Coxsackievirus immunization delays onset of diabetes in non‐obese diabetic mice

Abstract
Enteroviruses may be involved in the pathogenesis of Type 1 diabetes through different mechanisms including triggering of autoimmunity. The effect of immunization with coxsackievirus B4‐E2 on diabetes incidence was studied in the non‐obese diabetic mice, an animal model for human autoimmune insulin‐dependent diabetes mellitus. The immunization delayed the onset of diabetes in the mice, and the effect was mediated at least partially by virus immunization‐activated splenocytes as demonstrated by adoptive transfer experiments. Immunization resulted in a strong humoral immune response against the immunizing virus, formalin‐inactivated coxsackievirus B4‐E2. Cell‐mediated immune response to virus antigen was characterised by interferon gamma and interleukin 10 secretion. The immunization also resulted in increased antibody levels against several beta‐cell autoantigens. By using epitope mapping we were able to show that in addition to reactivity with the known epitopes of viral proteins and tyrosine phosphatase IA‐2 or heat shock protein 60, responses to some other regions of autoantigens were enhanced. In preproinsulin, the response was restricted against an antigenic region earlier identified as DR4‐dependent epitope. This reactivity can not be explained by homologous amino acid sequences and it is possible that enterovirus immunization might change the autoantigen specific TH1/TH2 balance in non‐obese diabetic mice.
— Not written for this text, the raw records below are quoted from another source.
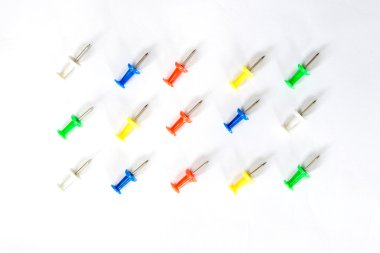 Renkli yapışkan notu yastıkları.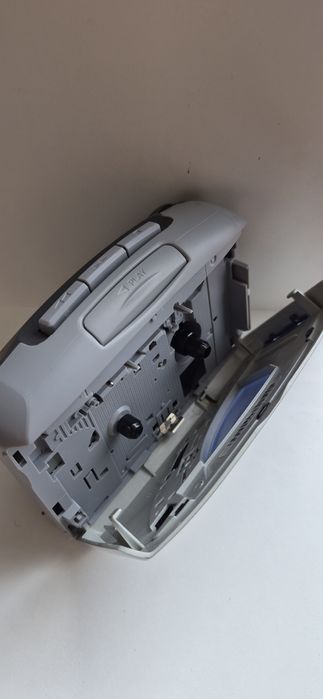Касетний плеєр AIWA HS-TA213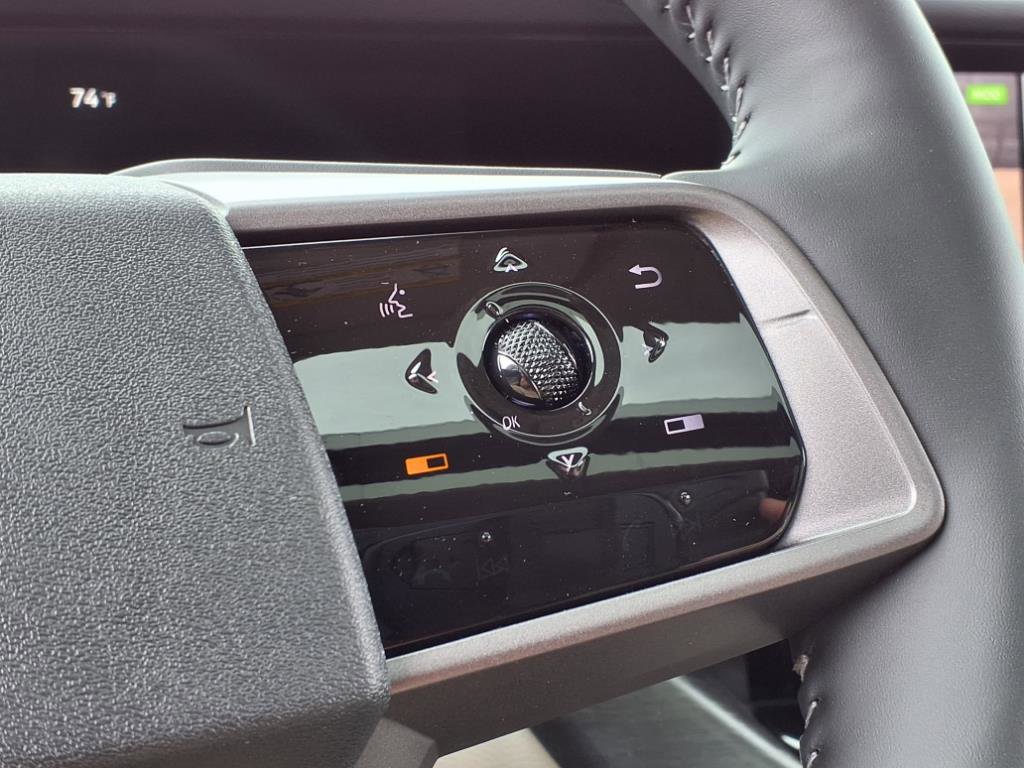 2025 Nissan Murano SL photo 15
In conclusion, our results suggest that coxsackievirus immunization increased humoral immune response to beta cell autoantigens and this was associated with a less destructive pathology for spontaneous diabetes in non‐obese diabetic mice. J. Med. Virol. 69:510–520, 2003.
Funding Information
  • Academy of Finland
  • the Sigrid Jusélius Foundation
  • The Finnish Diabetes Research Foundation
  • The Juvenile Diabetes Research Foundation
  • the European Community (BMH4-CT98-3952)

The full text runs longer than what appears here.